In the summer of 2016, he participated in MOSTEC (MIT Online Science Technology and Engineering Community), a rigorous academic summer program in which students take advanced courses online for six weeks and then present their work at a 5-day conference at MIT. Throughout the program, he studied robotics and science writing, culminating in a final project (a physical autonomous robot) and final paper (in which he interviewed a CalTech professor and wrote a science article on quantum computing with a focus on applications to cybersecurity).
However, as he will be the first in his family to attend college, Sterling knows first-hand how a quality education can change the course of someone’s life. Thus, in addition to pursuing a career in technology, he has sought to improve equal access to education for all through volunteering and fundraising with educational initiatives. This continued commitment to education and public service landed him a spot as one of two delegates representing the state of Florida in the United States Senate Youth Program, a week-long intensive study of government through which he met and learned from public officials serving in the most prominent positions of government, including the Chief Justice of the Supreme Court, the Secretary of State, and the President.

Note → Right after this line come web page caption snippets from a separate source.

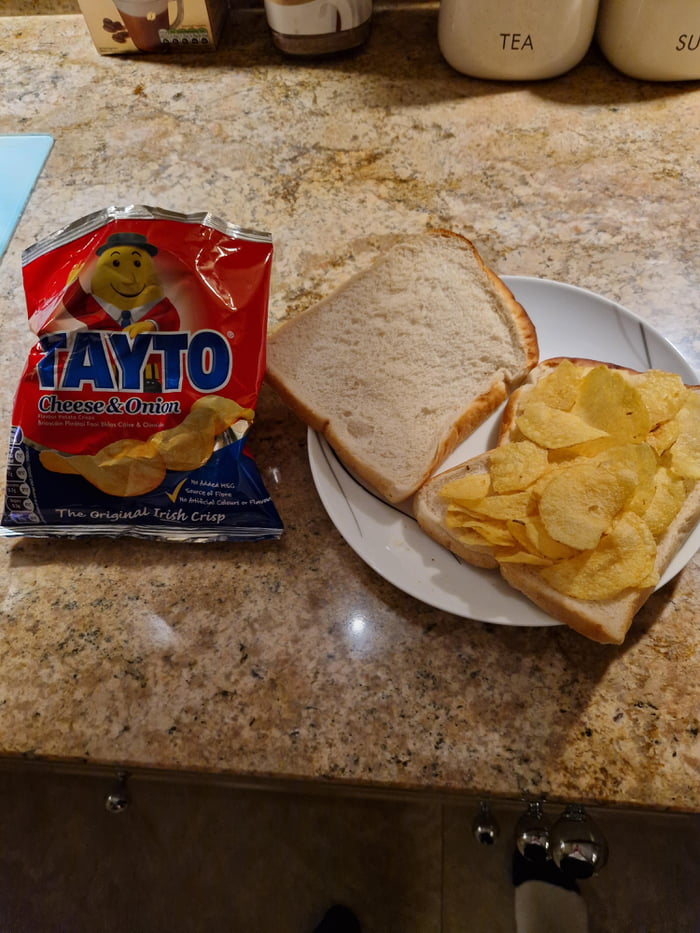 do-any-other-countries-eat-crisp-sandwiches-or-is-it-just-the-irish-9gag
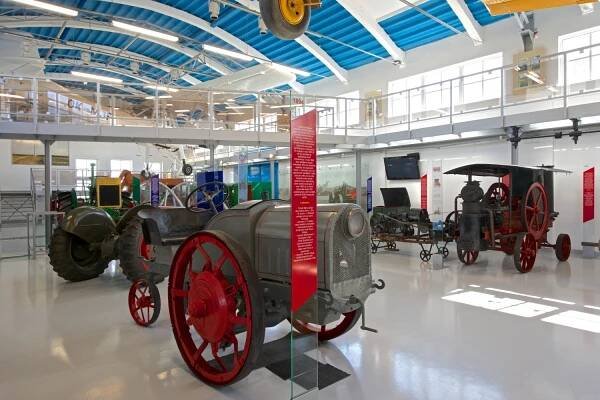 NZM Čáslav - Muzeum zemědělské techniky | Městské lázně Čáslav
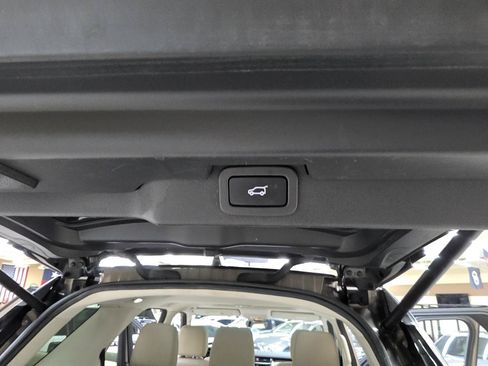 Used 2017 Land Rover Discovery HSE AWD/4WD image 16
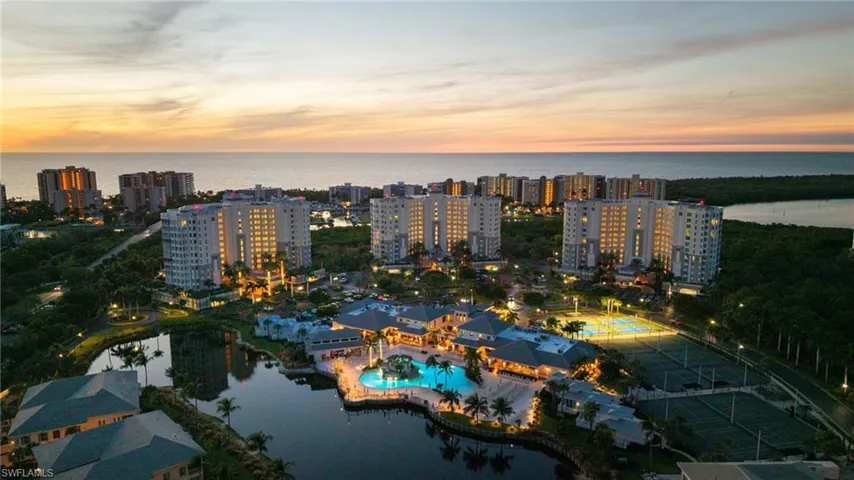 300  Dunes  BLVD, Naples, FL 34110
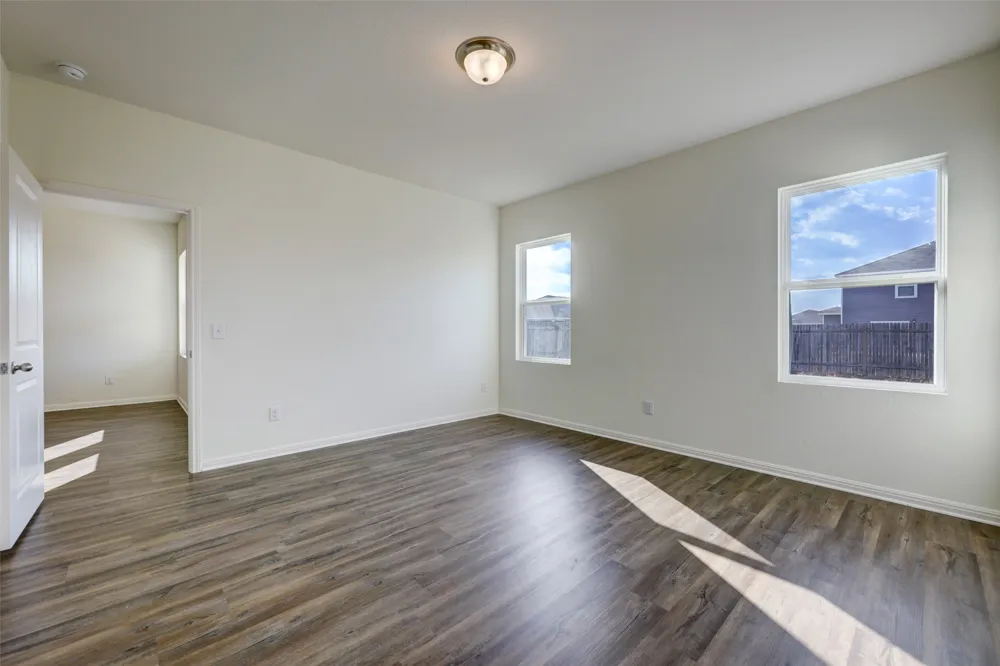 210 Seneca Loop Kyle, TX 78640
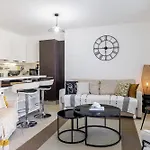 Luxury * Nice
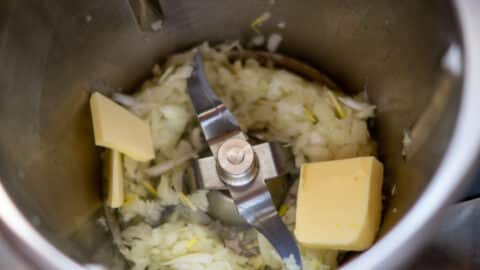 Zwiebeln in Butter im Thermomix® andünsten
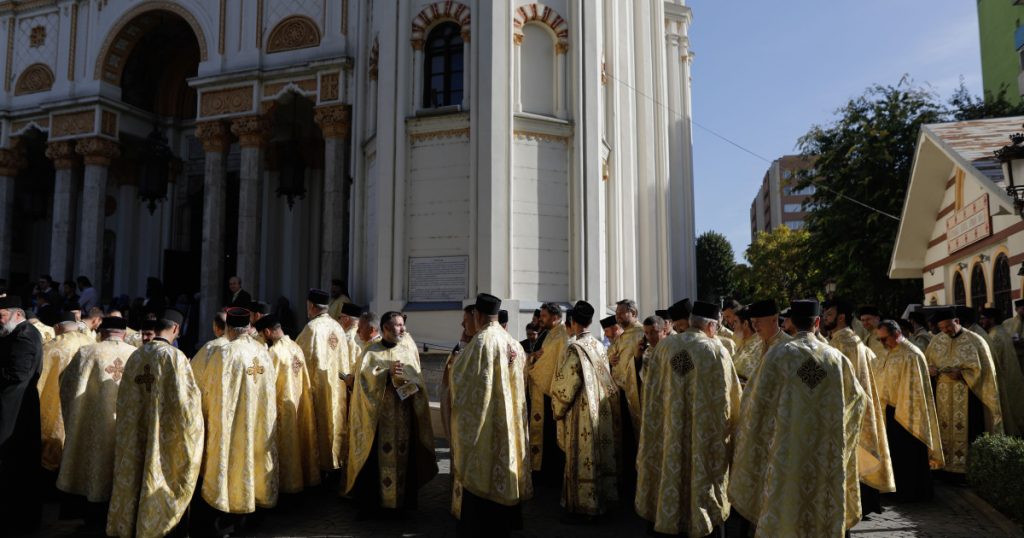 Odată cu Sărbătoarea Sfântului Ierarh Nifon, Târgoviște devine centrul credinței ortodoxe din România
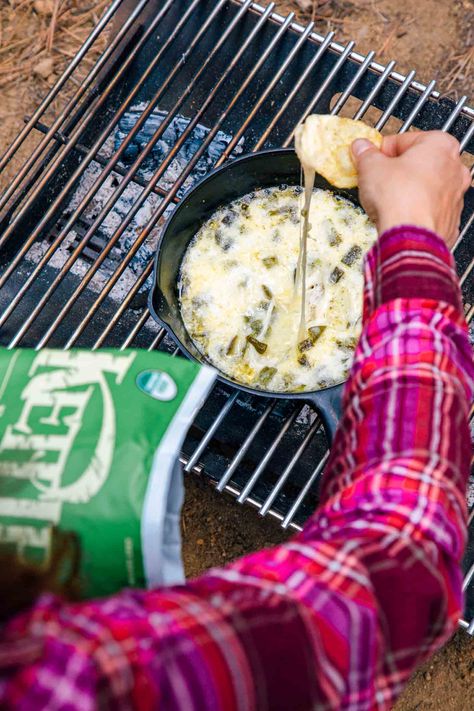 Dipping a chip into a skillet of queso fundido on a campfire. Camping Appetizers, Family Camping Meals, Campfire Snacks, Dip Ideas, Camping Snacks, Chips And Dip, Bag Of Chips, Appetizers For A Crowd, Easy Camping Meals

Sterling is now attending Stanford University, where he is majoring in Computer Science. He is the president of Stanford Jump Rope, a collegiate jump rope team through which he has competed at the national and international levels, performed in on-campus and local shows, and hosted jump rope workshops for K-12 students. He also practices capoeira––a Brazilian martial art that combines elements dance, acrobatics, and music—as a member of Capoeira Narahari, and has performed in demos on campus. Outside of performance groups, he has served as a summer volunteer for the High School Support Initiative, where he assists with college prep workshops for local first generation and/or low-income high school students.
After college, he hopes to pursue a career in technology and/or education.